* [THE PROBLEM]: Copy all the data exactly, except the pictures.

* [INFORMATION SUPPLIED]:
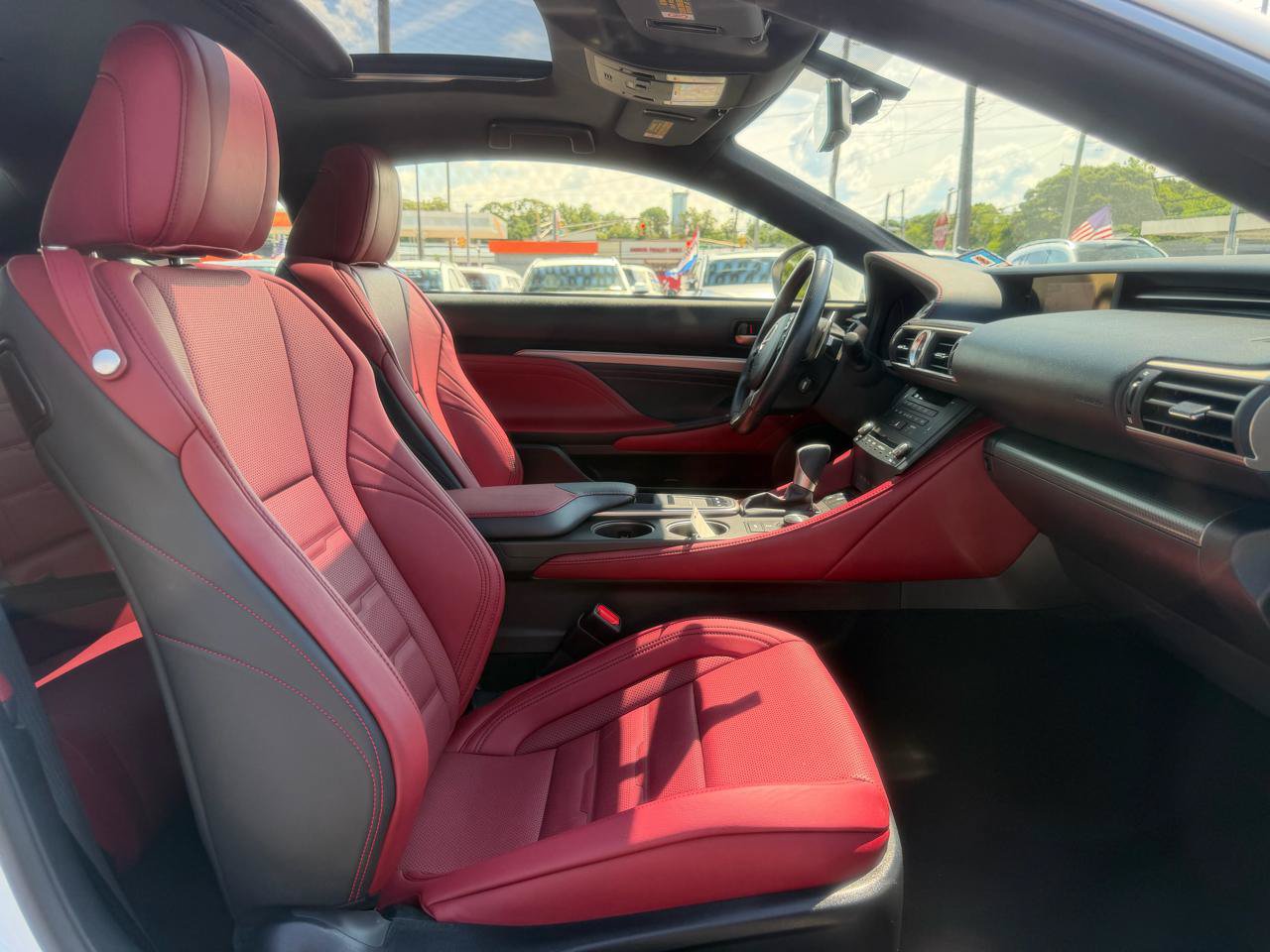 Used 2016 Lexus RC 300 AWD image 26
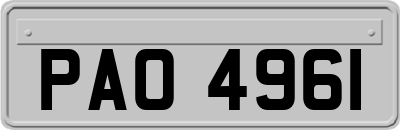 PAO4961
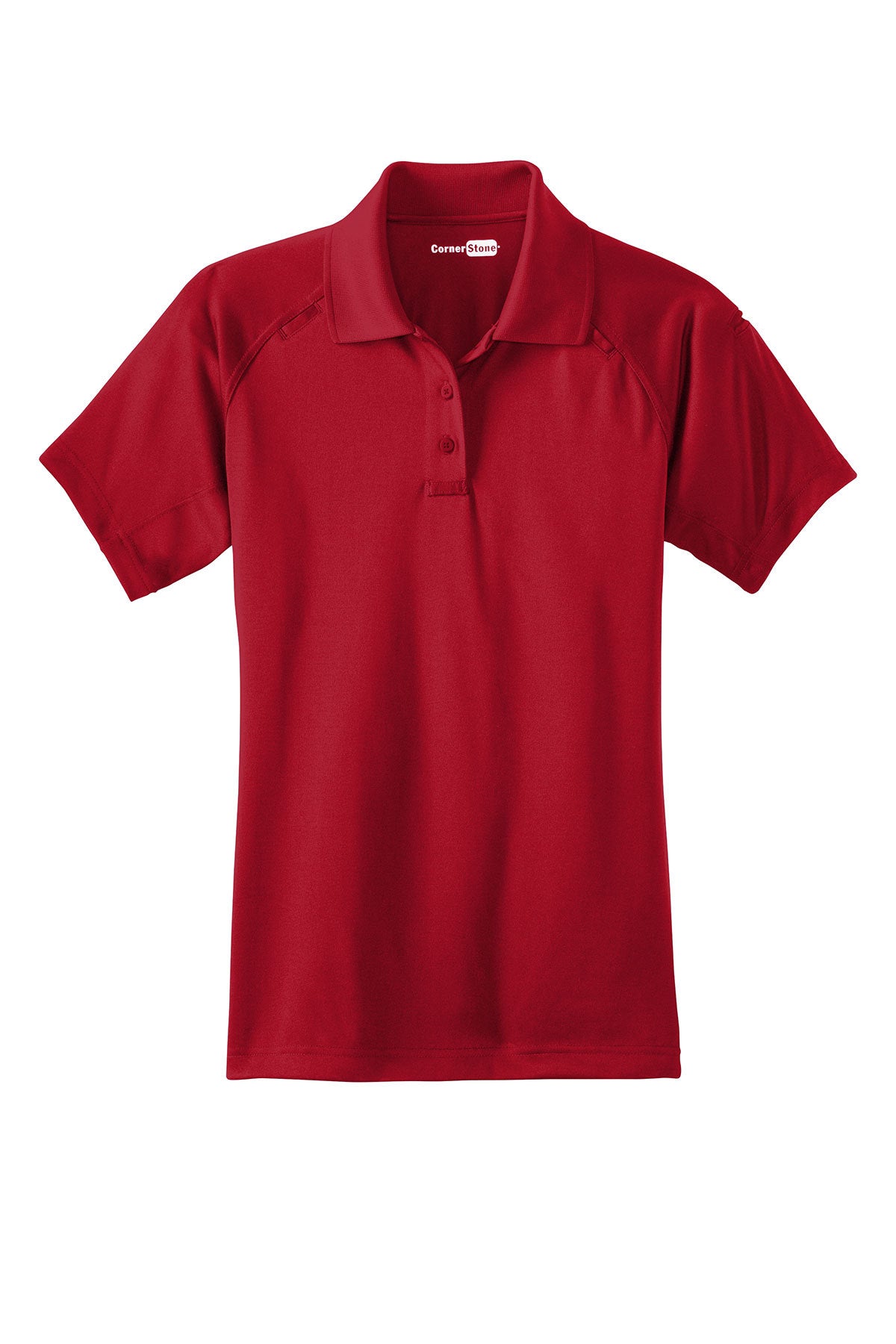 CornerStone® Women's Select Snag-Proof Tactical Polo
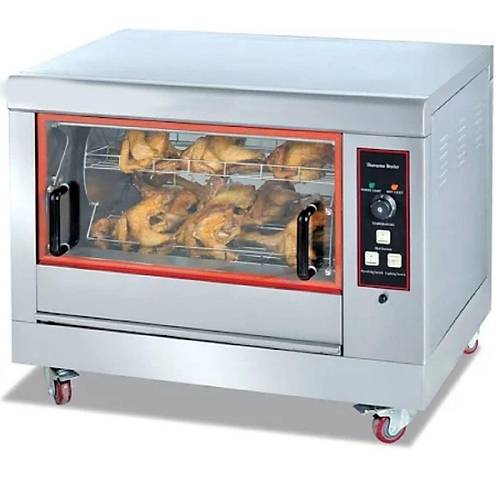 By Kitchen DP-16 Tavuk Frn Elektrikli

* [OUTPUT BELOW]:
 Used 2016 Lexus RC 300 AWD image 26
 PAO4961
 CornerStone® Women's Select Snag-Proof Tactical Polo
 By Kitchen DP-16 Tavuk Frn Elektrikli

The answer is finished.